Microemulsions for limonene and isopropyl myristate were studied in fish phase behavior diagrams (Figures 8 and 9) as potential applications for hard surface cleansers, cosmetics and pharmaceuticals. The effects of temperature and electrolyte concentration were evaluated on the phase behavior of IPM microemulsion since changes in temperature and electrolyte concentration are important considerations in microemulsions for cosmetics and drug delivery. It was found that IPM microemulsions using biosurfactant mixtures of Lecithin/Sophorolipid/Rhamnolipid were virtually temperature-insensitive and not significantly affected by the change in electrolyte concentration (Figure 9). These properties make biosurfactant formulations desirable in cosmetics and drug delivery applications.

Figure 9.

Phase behavior diagrams for biocompatible IPM-based microemulsions at different formulation conditions: (A) Effect of temperature and (B) Effect of electrolyte concentration. (Reprinted from [20]. Reprinted with permission from Elsevier).

A comparison of IPM microemulsions and limonene microemulsions was made in Figure 10 to show how different oil requires different composition of the biosurfactant mixture to form middle phase microemulsions. It can be seen that limonene, the less hydrophobic oil, requires a more hydrophilic formulation (higher ratio of Rhamnolipid/Lecithin) to form middle phase (Type III) microemulsion and requires less total surfactant concentration to form single phase (Type IV) microemulsion.

Figure 10.

Phase behavior diagrams for IPM and Limonene microemulsions at 25 °C. Lecithin/Sophorolipid weight ratio = 1/1, 0.9 % w/v NaCl. (Reprinted from [20]. Reprinted with permission from Elsevier).

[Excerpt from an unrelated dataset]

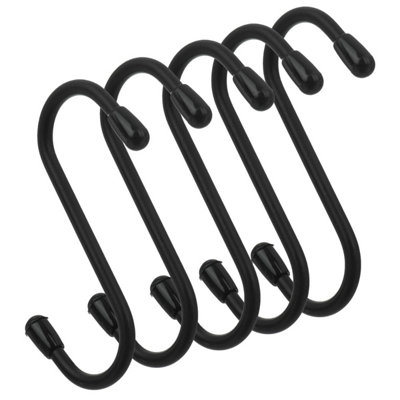Livivo 5Pc Hanging Storage S Hooks Black Kitchen Rail from B&Q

Detergency tests were also performed for the biosurfactant formulation (Lecithin/Sophorolipid/Rhamnolipid) to investigate the detergency power of the formulation for hexadecane removal (Figure 10). The detergency performance was found to increase as the total active surfactant concentration increased for both the biosurfactant formulation and the commercial detergent (Figure 11A) while the dynamic IFT values were observed otherwise (Figure 11B). This inverse relationship between detergency performance and IFT values has also been observed in other detergency tests [22,23]. However, the biosurfactant formulation produces better cleaning efficiency as compared to the commercial detergent within the studied range of total active concentration. It also has comparable cleaning performance to the detergency tests done by Tongcumpou et al. [23] at much lower total active surfactant concentration. For example, the same detergency power (∼ 65%) was achieved at 0.1% w/v total active concentration and 0.9% w/v electrolyte concentration with the biosurfactant formulation versus at 0.25% w/v total active concentration and 5% w/v electrolyte concentration with the formulation of Tongcumpou et al. [23].

Figure 11.

Detergency performance (A) and dynamic IFT (B) of the biosurfactant formulation vs. commercial detergent at different total surfactant active concentration. The biosurfactant formulation has Lecithin/SPL/JBR = 1.0/1.0/0.3 by wt. ratio and 0.9% w/v NaCl (Reprinted from [20]. Reprinted with permission from Elsevier).

Conclusions

This review presents the methodology to characterize the surfactant properties of rhamnolipid and sophorolipid biosurfactants. It was found that rhamnolipid biosurfactant is relatively hydrophilic while sophorolipid biosurfactant is hydrophobic as compared to other synthetic surfactants. The biosurfactants in mixtures were able to produce microemulsions for a wide range of oils that are applicable for vegetable oil extraction for biofuel application, hard surface cleansers, drug delivery and detergents.